> WORK TO BE COMPLETED
Copy all records verbatim, images excluded.
++++ RECORDS PROVIDED ++++
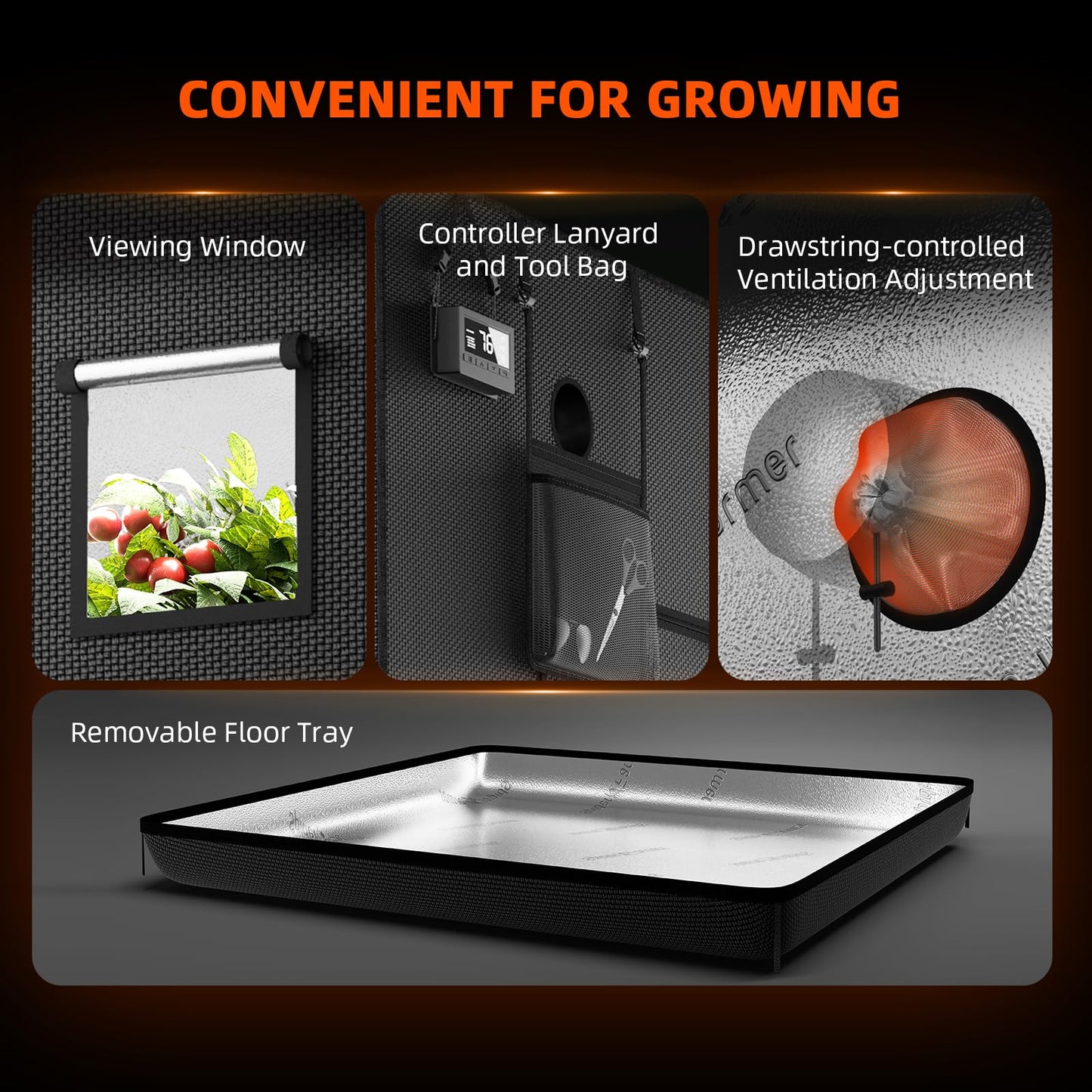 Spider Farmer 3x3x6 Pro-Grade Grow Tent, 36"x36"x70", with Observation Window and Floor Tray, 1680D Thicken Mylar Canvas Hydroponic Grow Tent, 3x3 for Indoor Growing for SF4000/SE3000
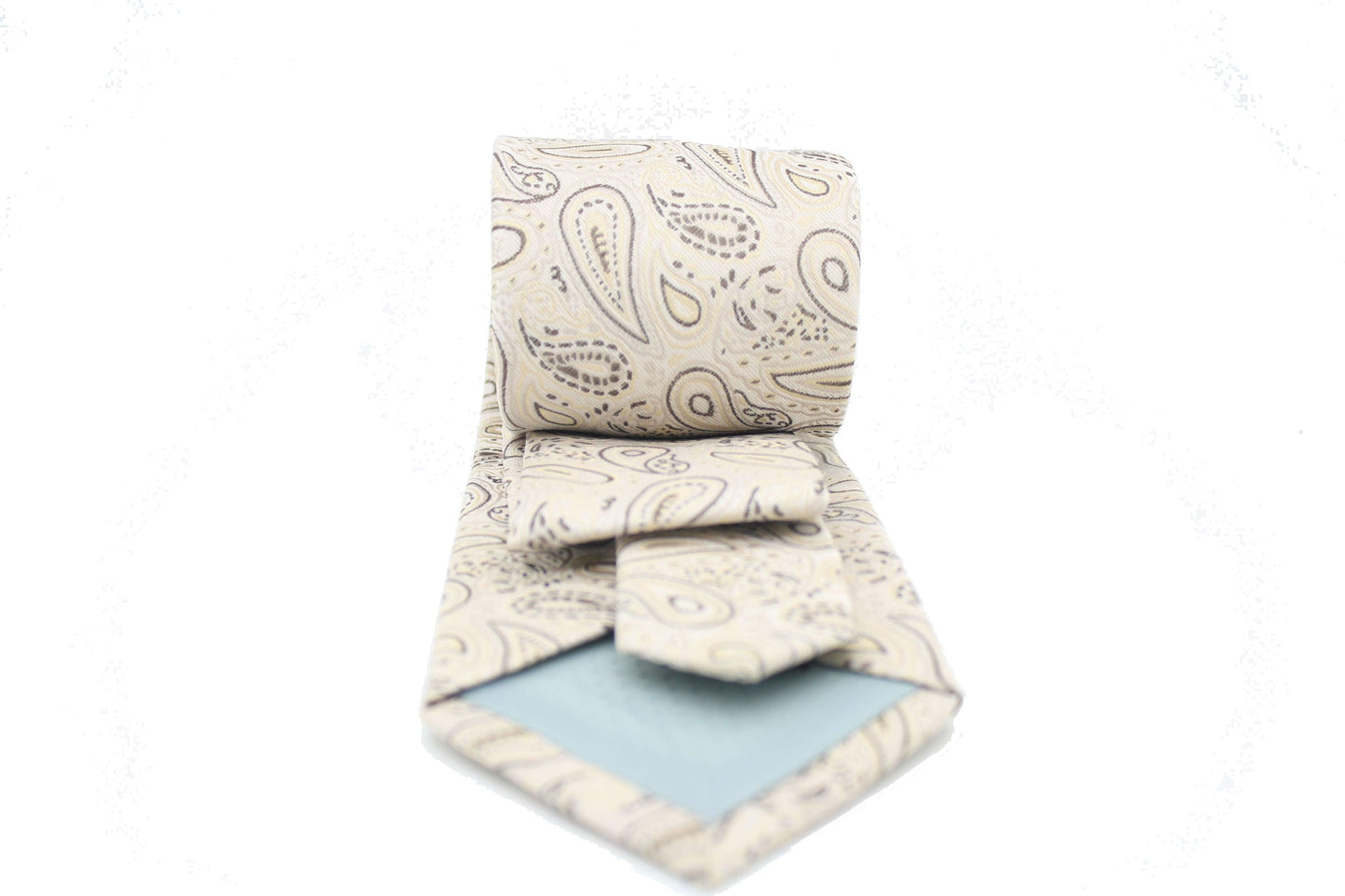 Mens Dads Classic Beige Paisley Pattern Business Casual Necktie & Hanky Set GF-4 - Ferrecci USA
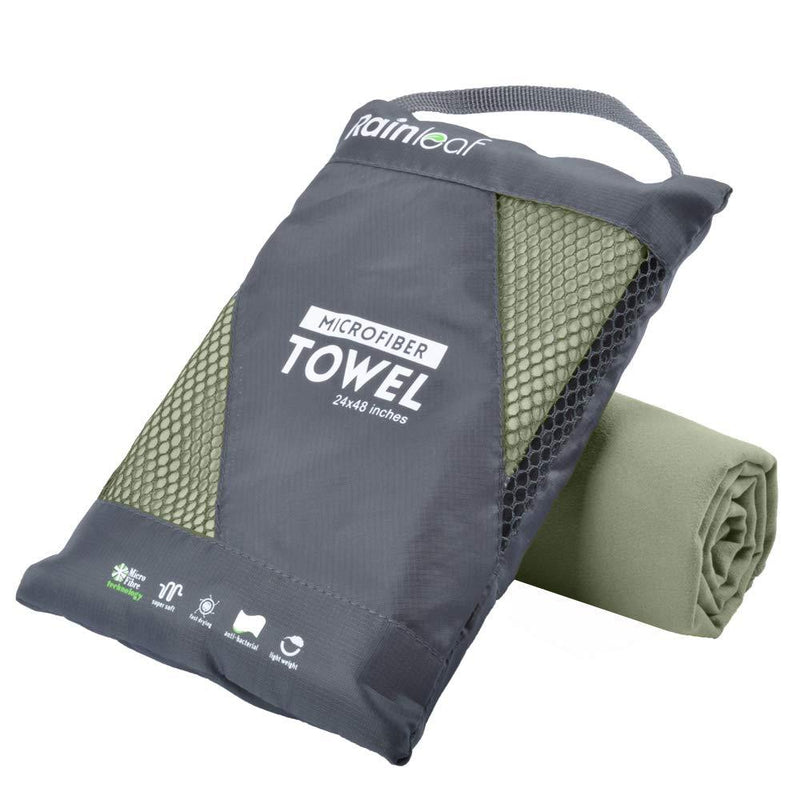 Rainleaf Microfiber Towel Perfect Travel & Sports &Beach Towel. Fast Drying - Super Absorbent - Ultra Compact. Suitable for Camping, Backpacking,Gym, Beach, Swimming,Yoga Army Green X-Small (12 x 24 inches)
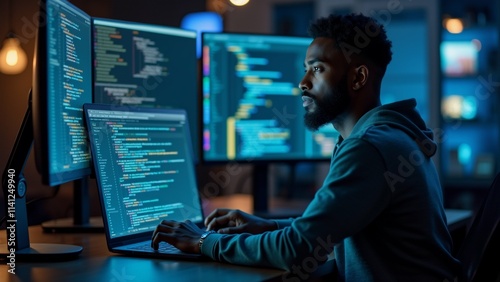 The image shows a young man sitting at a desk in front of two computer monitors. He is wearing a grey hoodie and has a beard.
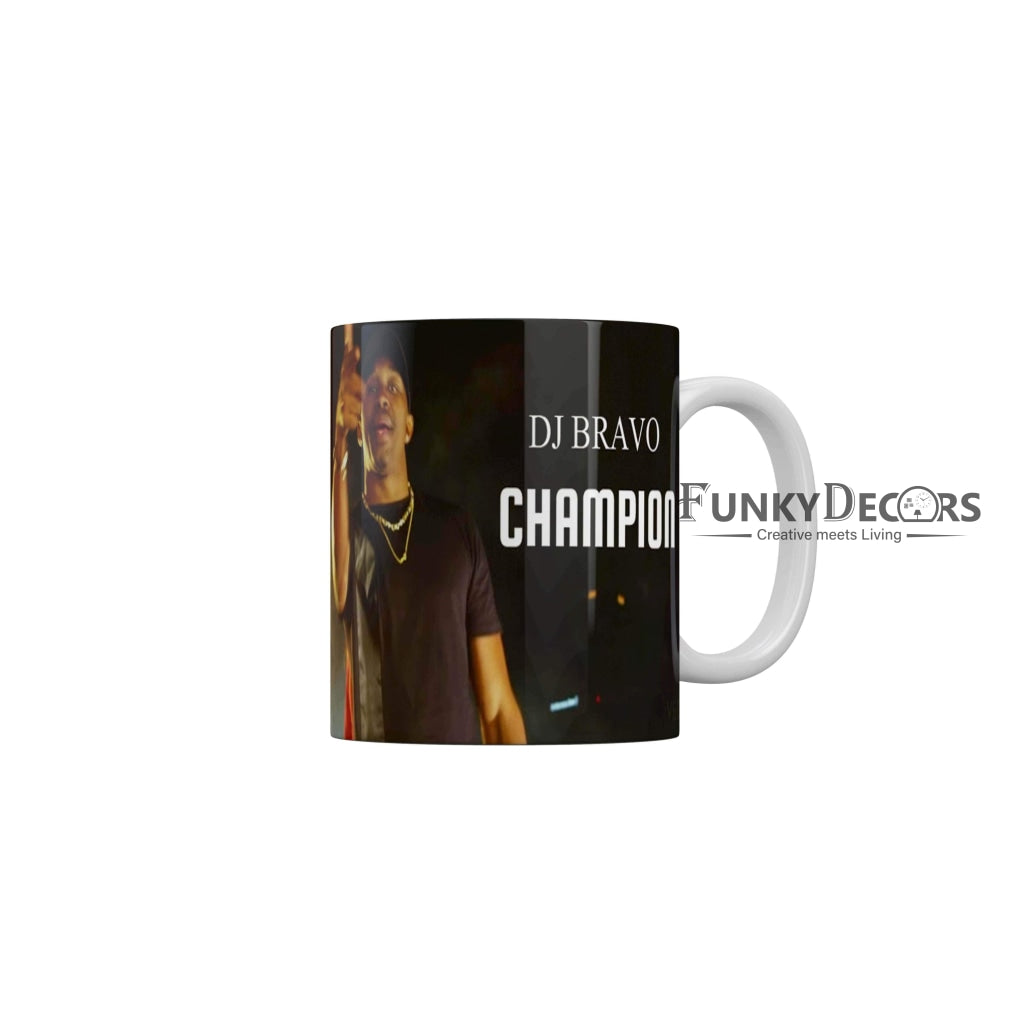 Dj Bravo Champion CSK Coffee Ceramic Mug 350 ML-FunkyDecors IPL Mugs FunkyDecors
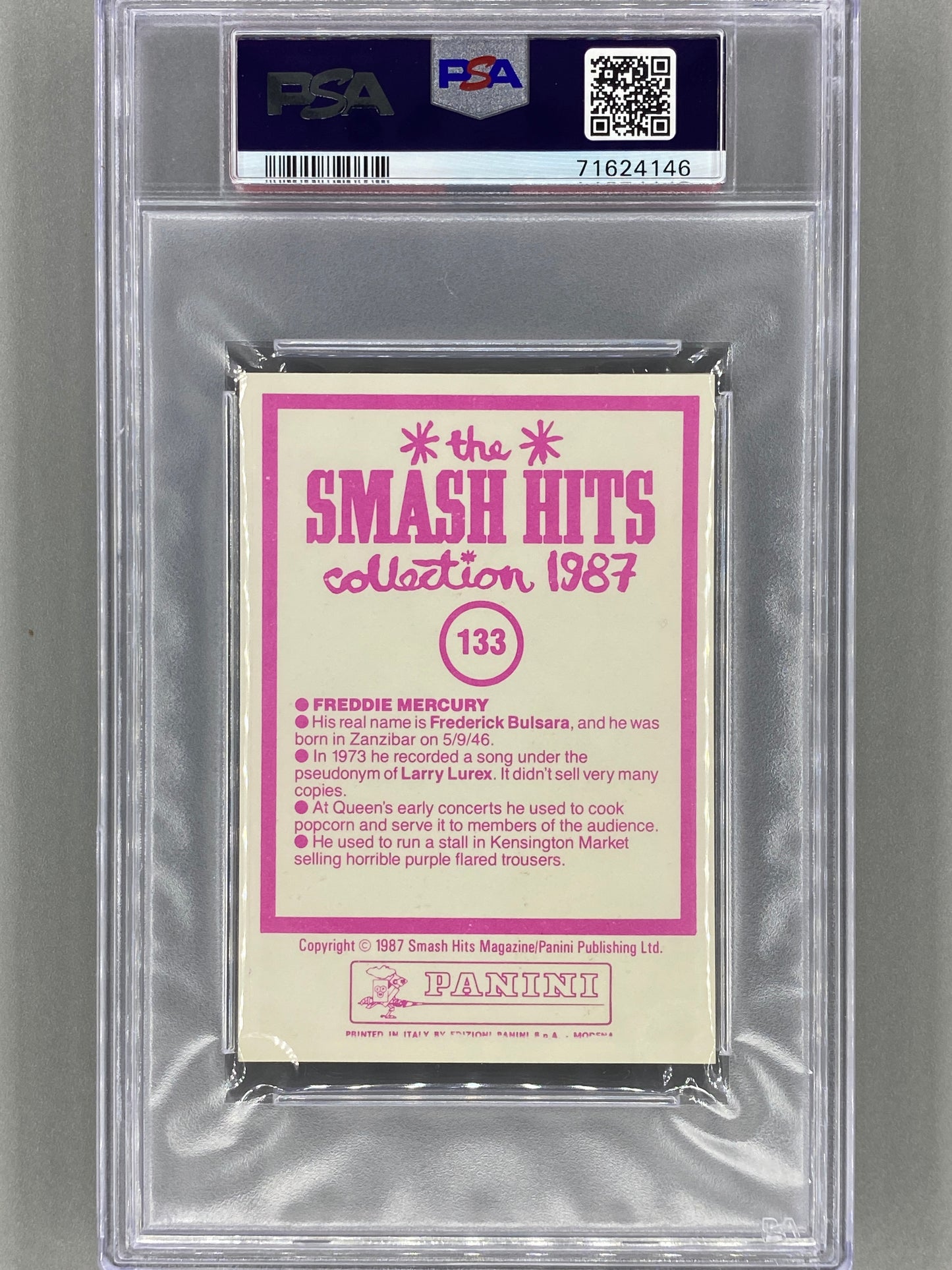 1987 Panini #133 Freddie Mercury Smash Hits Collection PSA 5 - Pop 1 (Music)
++++
> ANSWER FOR THIS EXERCISE
 Spider Farmer 3x3x6 Pro-Grade Grow Tent, 36"x36"x70", with Observation Window and Floor Tray, 1680D Thicken Mylar Canvas Hydroponic Grow Tent, 3x3 for Indoor Growing for SF4000/SE3000
 Mens Dads Classic Beige Paisley Pattern Business Casual Necktie & Hanky Set GF-4 - Ferrecci USA
 Rainleaf Microfiber Towel Perfect Travel & Sports &Beach Towel. Fast Drying - Super Absorbent - Ultra Compact. Suitable for Camping, Backpacking,Gym, Beach, Swimming,Yoga Army Green X-Small (12 x 24 inches)
 The image shows a young man sitting at a desk in front of two computer monitors. He is wearing a grey hoodie and has a beard.
 Dj Bravo Champion CSK Coffee Ceramic Mug 350 ML-FunkyDecors IPL Mugs FunkyDecors
 1987 Panini #133 Freddie Mercury Smash Hits Collection PSA 5 - Pop 1 (Music)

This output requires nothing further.